The Serbian Movie Review Dataset (SerbMR)

The Serbian Movie Review Dataset (SerbMR) collection consists of three movie review datasets in Serbian which were constructed for the task of sentiment analysis:
Collected movie reviews in Serbian (ISLRN 252-457-966-231-5) – an unbalanced collection of 4725 movie reviews in Serbian.
SerbMR-2C – The Serbian Movie Review Dataset (2 Classes) (ISLRN 016-049-192-514-1) – a two-class balanced sentiment analysis dataset containing 1682 movie reviews in Serbian (841 positive and 841 negative reviews).
SerbMR-3C – The Serbian Movie Review Dataset (3 Classes) (ISLRN 229-533-271-984-0) – a three-class balanced sentiment analysis dataset containing 2523 movie reviews in Serbian (841 positive, 841 neutral, and 841 negative reviews).
The construction of this dataset collection is described in the LREC 2016 paper.

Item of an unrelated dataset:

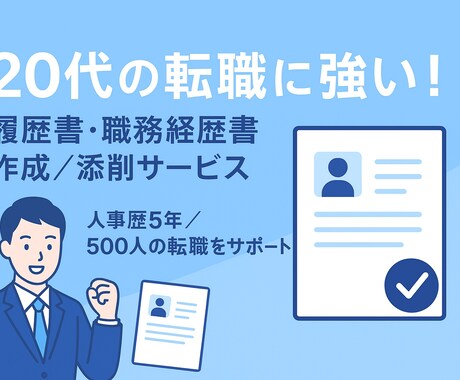 書類通過率アップ！選考書類をプロ目線で作成します 500人の転職/キャリア支援実績◎採用目線で書類通過率をUP イメージ1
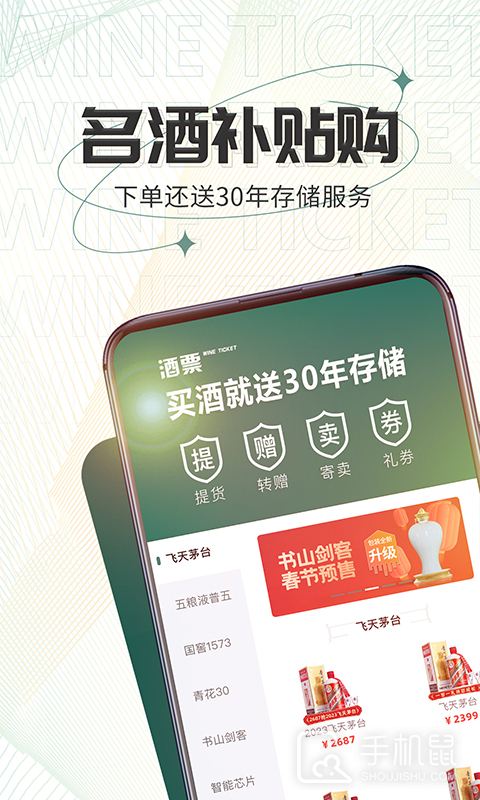 酒票 v3.6.0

NBSVM-Weka – a multiclass implementation of the NBSVM classifier for Weka

NBSVM is an algorithm, originally designed for binary text/sentiment classification, which combines the Multinomial Naive Bayes (MNB) classifier with the Support Vector Machine (SVM). It does so through the element-wise multiplication of standard SVM feature vectors by the positive class/negative class ratios of MNB log-counts.
This implementation extends the original algorithm to support multiclass classification using the one-vs-all approach. It relies on the LIBLINEAR library and its Java wrapper and is designed as a package for Weka. NBSVM-Weka was presented in the LREC 2016 paper.